**DATA EXCERPT:**
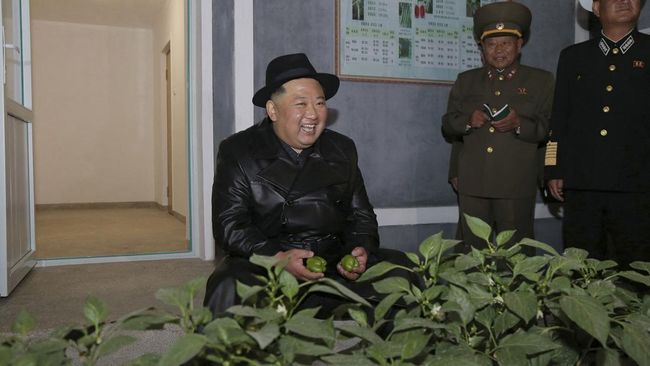 Penguasa Korea Utara Kim Jong-un dan sang istri Ri Jol-su ternyata pernah menyaksikan penampilan Red Velvet di ibu kota Korea Utara, Pyongyang pada 2018 lalu.
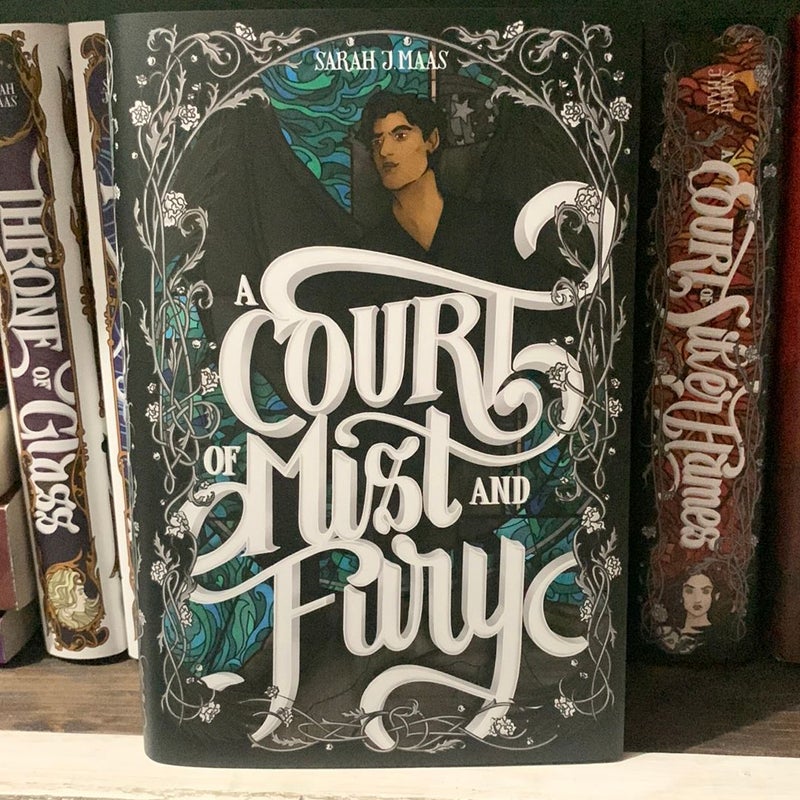 A Court of Thorns and Roses nerdyink dust jackets only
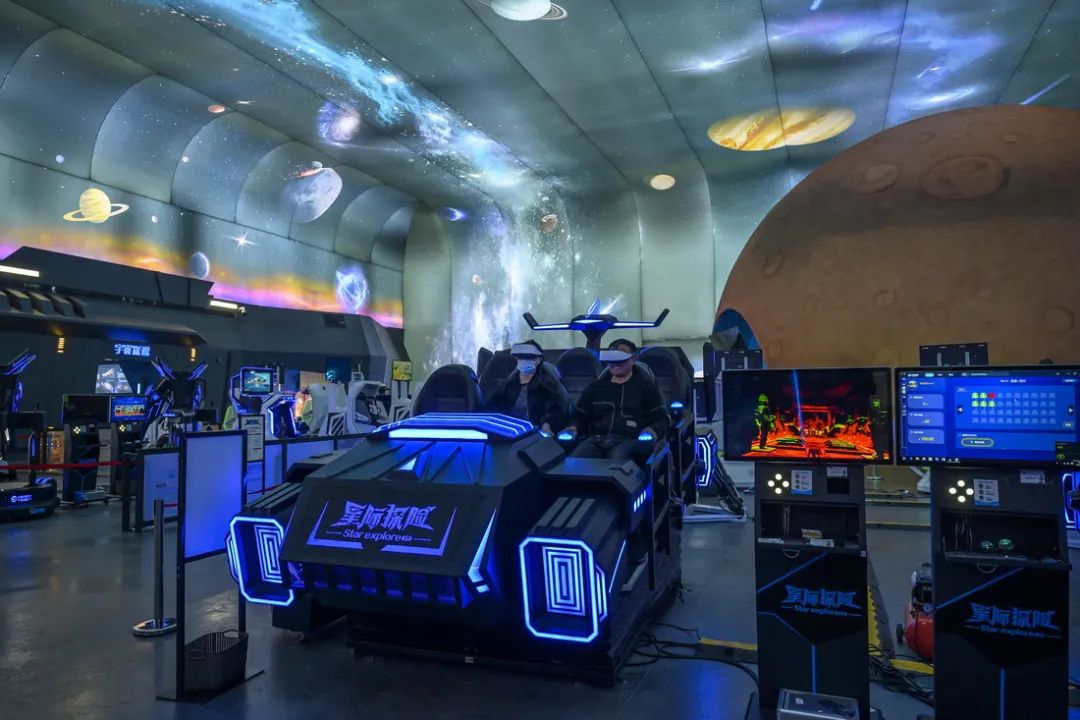 高速公路上建起的购物中心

**TASK STATEMENT:**
Nothing but the listing, copied exactly and stripped of its images, should appear in the response.

**YOUR RESPONSE:**
 Penguasa Korea Utara Kim Jong-un dan sang istri Ri Jol-su ternyata pernah menyaksikan penampilan Red Velvet di ibu kota Korea Utara, Pyongyang pada 2018 lalu.
 A Court of Thorns and Roses nerdyink dust jackets only
 高速公路上建起的购物中心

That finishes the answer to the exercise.